Try it :: Take the lines in the listing below from the line with "- une chambre" up to and including the line with "a picture of" and set them down exactly, skipping pictures and adding nothing.

Listed records ::
***
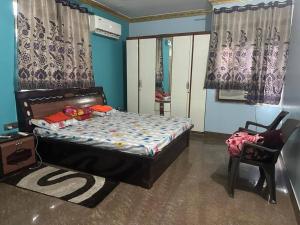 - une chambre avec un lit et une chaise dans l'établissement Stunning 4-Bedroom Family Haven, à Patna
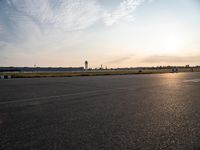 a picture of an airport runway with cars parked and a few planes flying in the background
***
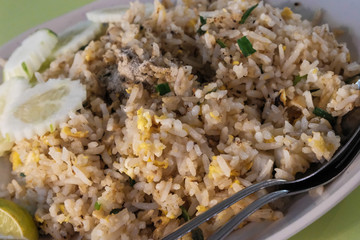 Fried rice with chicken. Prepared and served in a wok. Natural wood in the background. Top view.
***
Expected output ::
 - une chambre avec un lit et une chaise dans l'établissement Stunning 4-Bedroom Family Haven, à Patna
 a picture of an airport runway with cars parked and a few planes flying in the background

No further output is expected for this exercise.